El 15 de marzo de 1985, estrenó “Salsa Criolla” en el Teatro Liceo, ubicado en la calle Rivadavia 1499 del barrio de San Nicolás. La obra, era una cabalgata histórico musical que reseñaba la historia argentina desde la llegada de los españoles hasta nuestros días. Realizó 2998 presentaciones y la vieron casi tres millones de espectadores. Recibió muchas críticas por lo que sería su sello personal: el uso de malas palabras. Algunos espectadores llegaron a escribirle cartas quejándose. “Me importa un rábano. Para mí es la cáscara, cada cual elige lo que mejor lo expresa. Aristófanes utilizó un lenguaje obsceno para decir cosas muy importantes. Lo mismo hicieron Boccaccio o Rabelais. Niní Marshall, Juan Verdaguer, Luis Landriscina no necesitaron decir malas palabras pero yo necesito decirlas para expresar, cosa que escandaliza a los imbéciles”.

Para justificar su estilo, contaba que en la familia de sus padres eran todos “unos malhablados fantásticos”. Todos los domingos aparecían los chistes verdes, puteadas de mi padrino que era médico de clase, y de mi tía, una gran beata pero también una excelente puteadora”. Se indignaba con los que le decían “¡Ay, Pinti, qué grosero!” porque “es una hipocresía social muy grande. No solo acá, en todo el mundo...”.


Después del éxito de “Salsa criolla”, siguió dos años con “El infierno de Pinti”, otros dos con “Pinti canta las 40”, tres de”Candombe nacional”, “Pingo argentino”, “Pinti argentinos” y otros más. Además actuó en los musicales “Los productores”, “Hairspray” y “Antes de que me olvide” y realizó las adaptaciones de “Chicago” con Nélida Lobato, “Yo quiero a mi mujer”, “Filomena Marturano” y #El joven Frankestein”. Reconocía que sobre el escenario se transformaba: “Creo en lo que digo y comparto con la gente una suerte de fascinación” para afirmar “el mío es un oficio hermoso, pero ojo que hay algunos que se creen que esto no es un trabajo más y se endiosan estúpidamente. Cuando se caen hacen un ruido espantoso y obviamente no se levantan más”.

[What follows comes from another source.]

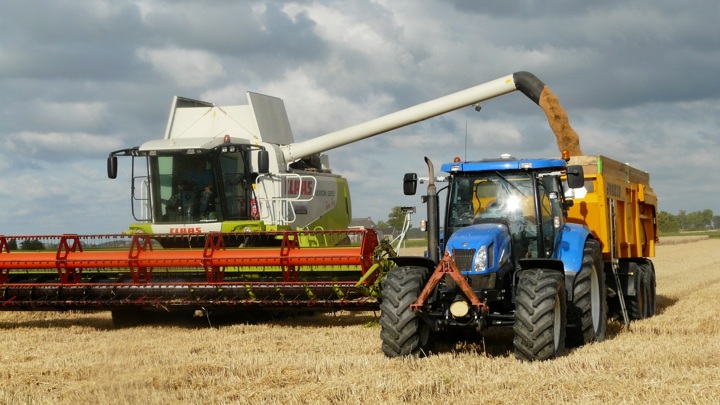 РФ не мешает вывозу зерна с Украины, готова поставить 25 млн тонн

Al hombre que hacía reír lo hacía reír “la pureza de Pepe Biondi, la genialidad de Chaplin, la maravillosa acidez de Woody Allen, la sutileza de Bernard Shaw y Oscar Wilde, disfruto de la comedia de Moliere y me retuerzo con las guaranguadas antiguas de Quevedo, Bocaccio y Aristófanes”.


Quizá entre sus deudas pendientes estuvo la de no haber vivido un gran amor. “Siempre le tuve miedo al compromiso. Leí que es algo propio de mi signo (Libra), un miedo a que no funcione nada; prefiero las amistades”. Aseguraba con humor que “como uno siempre tiene que estar en pareja, mi pareja ha sido mi representante, o Juanito Belmonte, mi jefe de prensa que también es amigo, o Andrés Percivale o Alejandra Boero, mi madre, mi padre… siempre tuve líos con ellos. Celos, abandonos, planteos: todo el quilombo que se tiene con la pareja”.

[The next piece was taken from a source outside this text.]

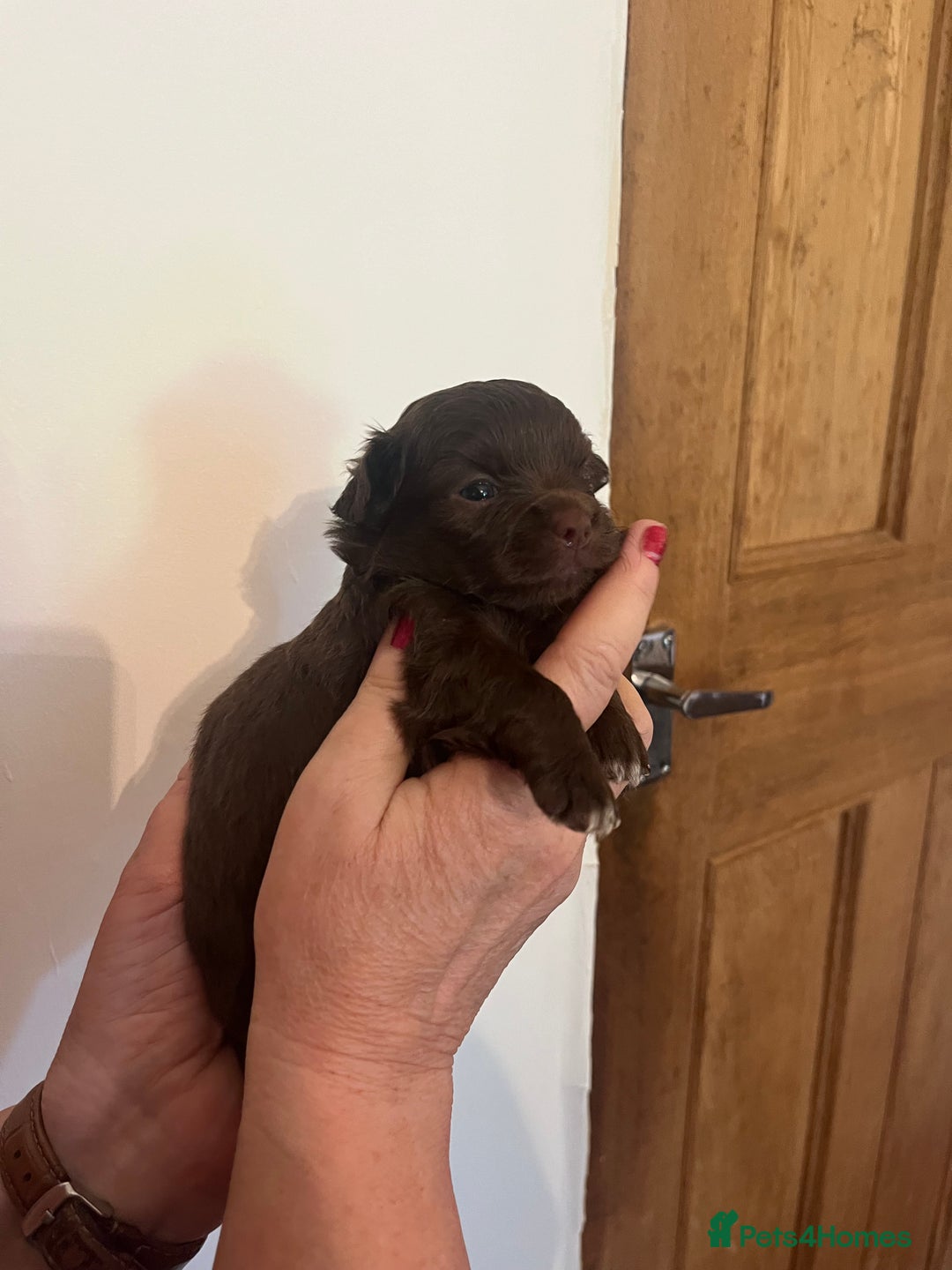 Chihuahua dogs for sale: Rare chocolate chihuahua puppies - Image 2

Se definía como “un buen tipo. Sincero, abierto, un poco cobarde, un poco pesimista y un buen actor”. Cuando le preguntaban a Pinti cómo se imaginaba el Cielo, contestaba que se imaginaba en una casa “llena de malhablados, de locos y de gente macanuda. Con alguna que otra condicional.” Ojalá encuentre esa casa y si no la encuentra es porque quizá Dios en vez de una casa le preparó un teatro donde las risas se confunden con los aplausos y solo quedan los artistas.


El artista, que en los últimos años venía sobrellevando un cuadro de diabetes severa y problemas circulatorios en las piernas, también experimentó una depresión desde que comenzó la pandemia del coronavirus. Con su muerte, el 27 de marzo del 2022, a sus 82 años, se despidió un símbolo del humor argentino de los últimos 50 años, que plasmó como nadie las desventuras de nuestro país.